Don’t try to squeeze everything in
Make yourself a plan for the day, schedule your tasks, and stick to that list as closely as possible. If anything extra interrupts your plan, don’t try to squeeze everything in! Think about the plan (list) and simply cross out, postpone, or cancel the least important task.
On minimising mess
- To speed up tidying, place a basket in the room you’re cleaning and put anything that doesn’t go in that room into it. Empty the basket once at the end. It’s FAST.
- When my six were little, despite our limited means, the kids still had a lot of toys, thanks to kind grandparents and other family members. However, the volume of toys created a big nightly tidy-up job – until we hit on a solution. We put half of them in storage and every few months swapped them over. The children loved being reunited with their half-forgotten favourites, the toy clutter was halved, and we saved time with less to put away.

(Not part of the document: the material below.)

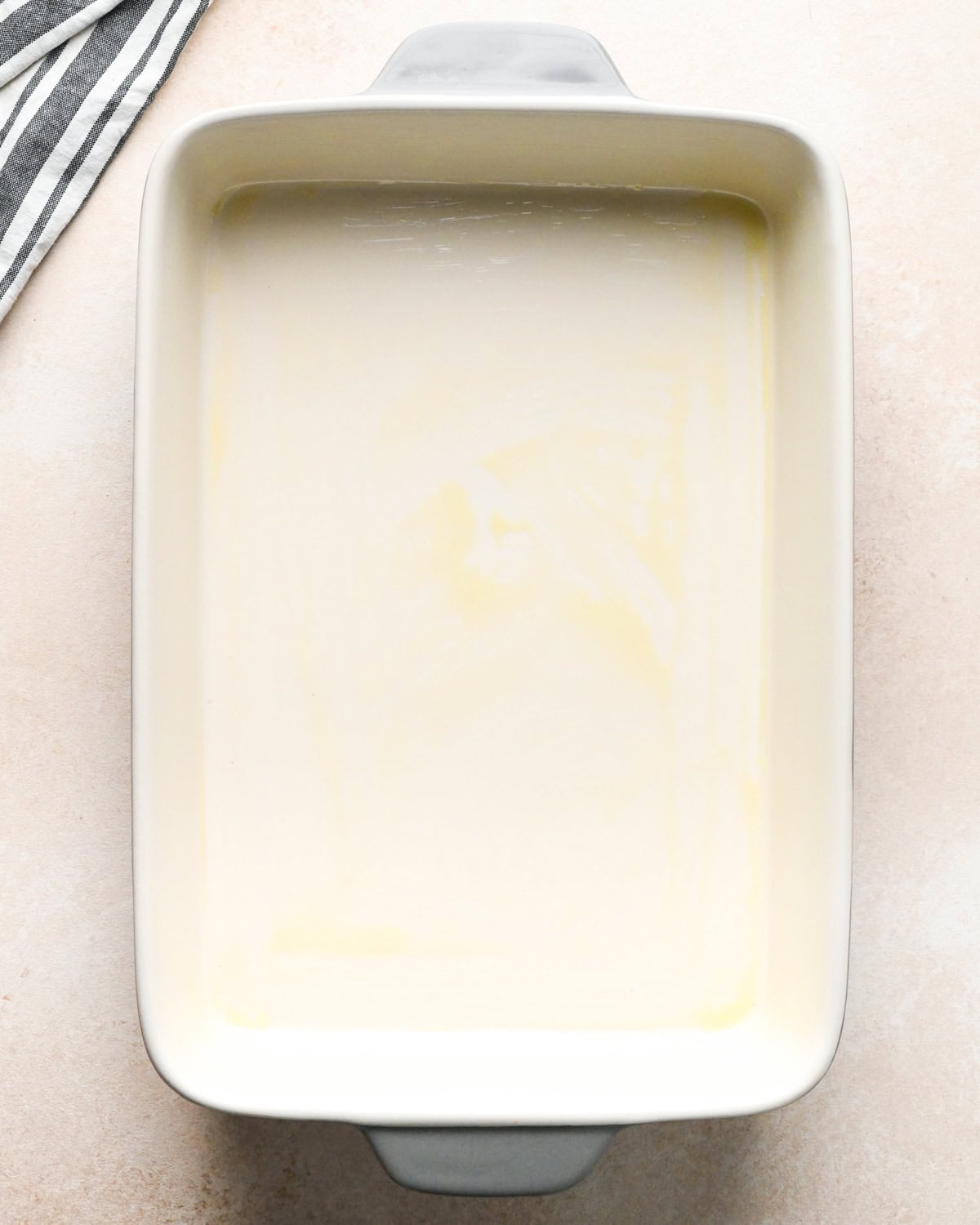 Overhead photo of a 9x13" white baking dish greased with oil and sitting on a countertop.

- Try the 24-hour box. Catherine attended one of my talks. She’s a mother of five, a dairy farmer, a part-time teacher, and is involved in her community. She said, “I got sick of tidying up after my children, so I decided to start a 24-hour box. If I find anything laying around, it goes in the box. After 24 hours, if no-one has claimed it and put it away, the ‘abandoned property’ goes in the rubbish. Once the system was fully in place, only a few precious items had to be thrown out before the lesson stuck. Now everyone takes responsibility for their stuff and the house stays pretty tidy.”
Get ready first
Get yourself ready first before attending to the children. Teach them the same habit. When they’re ready, they can read, play, or do an approved activity they enjoy. If you find yourself often running late for appointments, stressed, flustered or behind the mark in some way, perhaps you’re not preparing early enough. Instead, at the beginning of the day or even the day before, make a mental checklist of the coming day’s activities. Lay everything out long before you need it, and then carry on with other tasks until it’s time to change activity. It’s such a simple thing, yet it takes away a huge amount of pressure. And don’t try and fit in too much. Give yourself permission to enjoy the time your babies are small. It passes fast!